The second factor we need to consider is gaming. So far, NFTs’ foray into traditional gaming has been met with significant backlash from gamers, which is frankly hardly surprising given how rushed those initial attempts to implement the technology felt. In order for NFTs to succeed in gaming, the technology needs to produce something more than just a new type of collectibles.
Continued DeFi evolution
The DeFi space continued to grow in 2021, with major players stepping up their game by refining their tech and utilizing scaling solutions to improve efficiency. The latter part of the year saw the emergence of the ‘DeFi 2.0’ narrative, which was driven by the rising popularity of a new wave of products, such as Olympus DAO, Rari and Tokemak. While there is a debate on whether the DeFi 2.0 moniker is justified, it is, nevertheless, indicative of the ongoing evolution of the DeFi space and the technology behind decentralized finance.
In 2022 this trend is likely to continue, with technology improvements enabling developers to come up with new products and better liquidity models. We are also likely to see the first serious attempts to advance the sector beyond its self-contained bubble and make it more connected to the broader economy.
This year we’re also likely to see an increased presence of DeFi products on chains other than Ethereum.

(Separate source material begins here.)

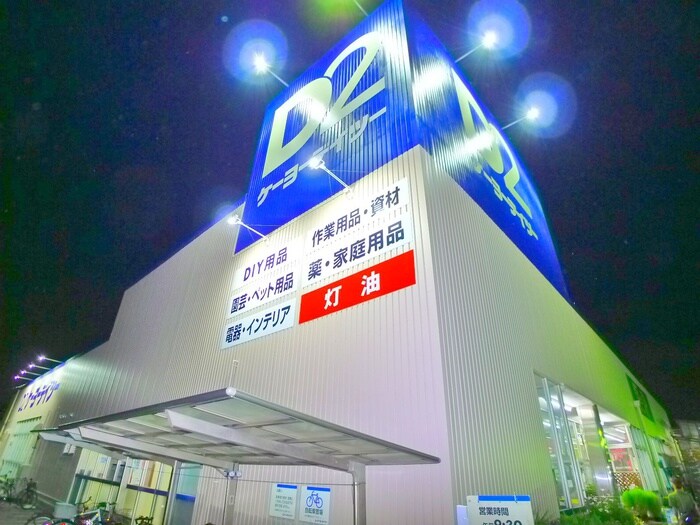 ケーヨーデイツー(電気量販店/ホームセンター)まで80m 山口コ－ポＢ棟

The success of Pancakeswap on Binance Smart Chain last year showed that while Ethereum is the undisputed leader in the space, it’s not the only game in town.
Ethereum scaling and Layer 2
Efforts to scale Ethereum will continue throughout 2022. Last year, we saw significant progress in that regard, with Polygon taking off in a big way and roll-up technology making big strides forward. The pursuit to scale Ethereum through better utilization of Layer 2 technologies like roll-ups will continue to be among the leading blockchain trends for a foreseeable future.
Multichain and interoperability
As we mentioned above, the dominance of Ethereum has not gone unchallenged. With competition from promising Layer 1 protocols like Solana, BSC and Avalanche likely to increase in the future, it’s to be expected that more dApps would go the multichain route. Some prominent dApps such as DeFi giant Aave have already gone multichain. One of LimeChain’s clients, MatraDAO is also a strong believer in the multichain approach.
An increased focus on multichain support would accelerate the development of interoperability solutions such as blockchain bridges.
One of the prevailing criticisms towards blockchain technology has been related to its environmental impact that comes as a result of the large consumption of energy that some of today’s most popular blockchain protocols require. Specifically, protocols that rely on Proof of Work, as by design, this consensus algorithm requires validators to perform a lot of computational work.
In 2022, we’ll likely see an increased focus on alleviating that problem, especially through the implementation of more eco-friendly algorithms like Proof of Stake. For example, Ethereum’s move to implement PoS is in part driven by a desire to make the platform more environmentally friendly.